Below are records; please set down exactly the lines from the first through the one containing "Angry scowling woman, long".

**DATA IN THIS EXERCISE**.
═══
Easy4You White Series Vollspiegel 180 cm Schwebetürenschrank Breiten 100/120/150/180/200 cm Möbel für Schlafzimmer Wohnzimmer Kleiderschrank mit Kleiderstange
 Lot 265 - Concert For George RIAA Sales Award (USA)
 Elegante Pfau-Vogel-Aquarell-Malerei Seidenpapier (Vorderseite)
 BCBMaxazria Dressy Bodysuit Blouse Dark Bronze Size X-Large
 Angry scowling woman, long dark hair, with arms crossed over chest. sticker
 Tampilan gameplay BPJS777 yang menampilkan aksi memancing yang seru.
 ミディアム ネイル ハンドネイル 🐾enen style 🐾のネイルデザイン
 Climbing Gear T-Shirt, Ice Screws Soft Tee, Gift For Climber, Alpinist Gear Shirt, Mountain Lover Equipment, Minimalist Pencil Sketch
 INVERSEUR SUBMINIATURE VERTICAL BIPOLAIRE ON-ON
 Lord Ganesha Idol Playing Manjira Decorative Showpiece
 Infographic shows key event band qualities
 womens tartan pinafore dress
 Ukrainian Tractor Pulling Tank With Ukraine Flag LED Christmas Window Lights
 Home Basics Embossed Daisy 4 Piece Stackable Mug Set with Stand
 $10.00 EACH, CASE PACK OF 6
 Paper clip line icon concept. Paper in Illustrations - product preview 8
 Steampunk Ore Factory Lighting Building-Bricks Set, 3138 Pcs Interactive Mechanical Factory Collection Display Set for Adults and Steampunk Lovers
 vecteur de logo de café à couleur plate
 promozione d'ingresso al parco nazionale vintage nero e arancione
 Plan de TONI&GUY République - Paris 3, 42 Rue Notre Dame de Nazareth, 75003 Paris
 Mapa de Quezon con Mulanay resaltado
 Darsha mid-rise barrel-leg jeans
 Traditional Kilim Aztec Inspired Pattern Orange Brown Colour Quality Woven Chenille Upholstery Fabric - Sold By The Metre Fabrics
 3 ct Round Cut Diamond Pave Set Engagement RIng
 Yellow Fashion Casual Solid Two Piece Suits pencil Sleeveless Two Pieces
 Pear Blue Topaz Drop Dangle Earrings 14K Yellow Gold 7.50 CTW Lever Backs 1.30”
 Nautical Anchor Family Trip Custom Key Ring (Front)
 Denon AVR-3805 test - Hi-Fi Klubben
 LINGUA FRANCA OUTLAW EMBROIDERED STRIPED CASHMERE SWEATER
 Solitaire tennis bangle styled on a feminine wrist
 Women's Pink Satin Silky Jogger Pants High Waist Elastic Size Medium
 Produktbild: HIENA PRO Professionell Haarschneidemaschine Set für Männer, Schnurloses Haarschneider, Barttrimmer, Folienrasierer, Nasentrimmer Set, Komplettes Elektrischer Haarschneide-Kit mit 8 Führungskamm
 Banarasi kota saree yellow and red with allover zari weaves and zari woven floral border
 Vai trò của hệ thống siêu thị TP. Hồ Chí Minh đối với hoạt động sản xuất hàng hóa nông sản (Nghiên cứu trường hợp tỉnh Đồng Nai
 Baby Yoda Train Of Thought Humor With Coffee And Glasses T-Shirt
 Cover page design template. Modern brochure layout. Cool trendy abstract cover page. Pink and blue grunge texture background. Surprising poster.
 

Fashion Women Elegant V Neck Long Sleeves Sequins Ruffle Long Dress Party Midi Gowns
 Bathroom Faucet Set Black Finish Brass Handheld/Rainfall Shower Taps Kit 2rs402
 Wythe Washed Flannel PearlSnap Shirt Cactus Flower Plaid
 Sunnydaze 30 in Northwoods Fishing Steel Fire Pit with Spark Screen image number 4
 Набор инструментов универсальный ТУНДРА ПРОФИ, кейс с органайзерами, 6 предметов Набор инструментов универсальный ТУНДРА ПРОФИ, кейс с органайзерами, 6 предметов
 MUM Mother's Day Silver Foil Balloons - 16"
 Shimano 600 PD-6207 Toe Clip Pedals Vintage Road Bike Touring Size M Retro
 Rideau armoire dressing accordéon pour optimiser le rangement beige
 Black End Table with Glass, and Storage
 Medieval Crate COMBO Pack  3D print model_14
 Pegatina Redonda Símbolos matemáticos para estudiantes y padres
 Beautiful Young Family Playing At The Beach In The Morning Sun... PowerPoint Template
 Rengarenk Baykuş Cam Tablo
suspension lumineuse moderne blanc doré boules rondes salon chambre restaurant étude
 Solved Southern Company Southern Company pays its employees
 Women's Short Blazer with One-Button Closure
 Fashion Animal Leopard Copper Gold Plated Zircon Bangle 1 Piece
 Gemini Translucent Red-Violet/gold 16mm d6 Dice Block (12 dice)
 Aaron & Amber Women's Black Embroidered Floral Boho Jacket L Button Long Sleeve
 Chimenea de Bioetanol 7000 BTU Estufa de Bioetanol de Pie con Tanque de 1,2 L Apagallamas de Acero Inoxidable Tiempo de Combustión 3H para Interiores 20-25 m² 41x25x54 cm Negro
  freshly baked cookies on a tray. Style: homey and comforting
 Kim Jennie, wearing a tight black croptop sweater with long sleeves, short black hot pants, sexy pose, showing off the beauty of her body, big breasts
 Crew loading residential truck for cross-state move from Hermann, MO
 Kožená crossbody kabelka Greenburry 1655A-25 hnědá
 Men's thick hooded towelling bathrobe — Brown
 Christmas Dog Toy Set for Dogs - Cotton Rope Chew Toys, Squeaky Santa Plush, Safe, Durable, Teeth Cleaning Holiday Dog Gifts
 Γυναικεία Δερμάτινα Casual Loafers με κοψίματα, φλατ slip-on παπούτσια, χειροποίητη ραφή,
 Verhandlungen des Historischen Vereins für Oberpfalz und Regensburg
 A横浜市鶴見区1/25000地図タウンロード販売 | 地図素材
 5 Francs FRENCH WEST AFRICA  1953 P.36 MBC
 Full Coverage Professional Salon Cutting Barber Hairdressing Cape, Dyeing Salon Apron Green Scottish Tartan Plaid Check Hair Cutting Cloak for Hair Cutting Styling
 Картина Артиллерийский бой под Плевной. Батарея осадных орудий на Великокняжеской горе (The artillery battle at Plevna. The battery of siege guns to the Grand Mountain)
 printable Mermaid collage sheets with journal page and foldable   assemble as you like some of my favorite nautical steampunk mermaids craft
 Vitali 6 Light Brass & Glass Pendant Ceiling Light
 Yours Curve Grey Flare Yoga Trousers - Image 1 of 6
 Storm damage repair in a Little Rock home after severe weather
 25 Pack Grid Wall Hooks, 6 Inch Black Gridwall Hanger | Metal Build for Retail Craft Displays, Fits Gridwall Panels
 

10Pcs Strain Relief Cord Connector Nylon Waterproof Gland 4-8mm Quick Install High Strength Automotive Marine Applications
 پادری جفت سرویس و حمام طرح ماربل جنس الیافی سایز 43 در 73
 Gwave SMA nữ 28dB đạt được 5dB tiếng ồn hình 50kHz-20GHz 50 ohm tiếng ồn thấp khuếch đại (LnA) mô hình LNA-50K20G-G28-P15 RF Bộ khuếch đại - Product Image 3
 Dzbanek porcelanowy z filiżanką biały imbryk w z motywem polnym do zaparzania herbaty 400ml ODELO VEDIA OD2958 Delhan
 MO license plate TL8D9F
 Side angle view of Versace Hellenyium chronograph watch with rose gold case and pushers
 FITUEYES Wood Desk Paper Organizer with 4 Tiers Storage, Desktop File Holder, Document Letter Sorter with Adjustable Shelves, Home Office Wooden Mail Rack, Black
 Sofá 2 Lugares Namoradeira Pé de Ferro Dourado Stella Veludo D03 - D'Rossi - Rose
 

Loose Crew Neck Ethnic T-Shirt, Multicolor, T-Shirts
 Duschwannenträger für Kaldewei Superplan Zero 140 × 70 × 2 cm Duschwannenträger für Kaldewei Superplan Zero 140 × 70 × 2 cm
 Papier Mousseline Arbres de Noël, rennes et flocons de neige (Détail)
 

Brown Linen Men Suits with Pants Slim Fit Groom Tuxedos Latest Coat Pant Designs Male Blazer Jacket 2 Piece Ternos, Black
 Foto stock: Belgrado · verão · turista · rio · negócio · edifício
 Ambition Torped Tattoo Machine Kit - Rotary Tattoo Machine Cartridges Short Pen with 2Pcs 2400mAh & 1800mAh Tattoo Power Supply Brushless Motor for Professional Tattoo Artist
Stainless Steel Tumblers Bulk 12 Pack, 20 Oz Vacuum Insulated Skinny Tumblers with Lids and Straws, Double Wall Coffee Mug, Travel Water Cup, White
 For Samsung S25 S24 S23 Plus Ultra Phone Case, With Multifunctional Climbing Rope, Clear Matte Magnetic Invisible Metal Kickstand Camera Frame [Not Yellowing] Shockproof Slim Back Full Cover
═══
**ANSWER FOR THIS EXERCISE**.
Easy4You White Series Vollspiegel 180 cm Schwebetürenschrank Breiten 100/120/150/180/200 cm Möbel für Schlafzimmer Wohnzimmer Kleiderschrank mit Kleiderstange
 Lot 265 - Concert For George RIAA Sales Award (USA)
 Elegante Pfau-Vogel-Aquarell-Malerei Seidenpapier (Vorderseite)
 BCBMaxazria Dressy Bodysuit Blouse Dark Bronze Size X-Large
 Angry scowling woman, long dark hair, with arms crossed over chest. sticker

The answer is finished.